Hello Alex,

HttpClient can send the authentication data automatically.
Use HttpMethod.setDoAuthentication(true) to tell it to.

You may want to set the credentials for the particular host
and port of the proxy, rather than as default credentials.
This will prevent them from being sent to the wrong host.

cheers,
  Roland






Alex Hunsley <[EMAIL PROTECTED]>
27.05.2004 12:27
Please respond to "Commons HttpClient Project"
 
        To:     [EMAIL PROTECTED]
        cc: 
        Subject:        does HttpClient transparently send proxy auth 
after getting HTTP 403 code?


I hope this is an approriate list for this question, if not, please 
accept my apologies!


I'm running HttpClient 2.0 with j2sdk1.4.2_03.

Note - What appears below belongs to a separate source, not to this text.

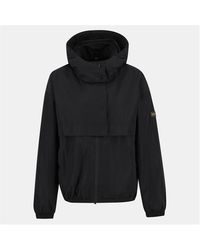 Barbour - Lolita Showerproof Long Sleeve Concealed Hood Rain Anorak - Lyst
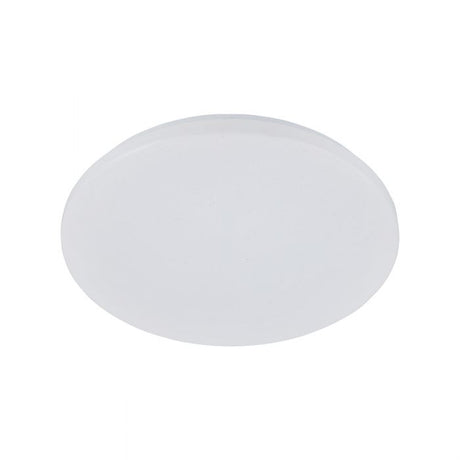 Wall/Ceiling Light DIEGO 02 Plastic With Crystal Effect White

I'm using HttpClient to access web pages via an http proxy server that 
needs basic proxy authorization (note: it's the *proxy* that needs auth, 
not the end-target web server. I add this because I have got confused 
myself sometimes over this!) I'm debugging my HttpClient-using code by 
pointing it at a local proxy (I'm running 'Charles') and from this I can 
see that my request is *not* providing proxy authorization information. 
If, however, I call:

   httpClient.getState().setAuthenticationPreemptive(true);

to enable pre-emptive authorization, my test proxy does receive the 
authorization. I had no idea that the preeptive authorization also 
applies to the proxy authorization as the docs don't make this clear 
(and if this is indeed the case, a clarification in the docs might be 
handy).

My main question is: if I don't call setAuthenticationPreemptive(true), 
and if HttpClient tries to use a proxy and receives an HTTP 403 (proxy 
auth required) message back, will it transparently then give the proxy 
auth that I have set, or will it just give me the 403 code it received? 
As far as I can see, it is just giving me the 403 code back, so I don't 
understand why it doesn't just always give the proxy auth up front as a 
matter of convenience!

I hope someone can clarify this and thanks for reading!

alex


p.s. I have had no luck at all finding a simple proxy that is runnable 
under cygwin or windows that will let me enable basic proxy 
authorization so I can test this. All I know that is my proxy 
authorization wasn't working in a client's office - I was getting HTTP 
403 - despite me setting the proxy auth in my request (but not putting 
.setAuthenticationPreemptive(true)).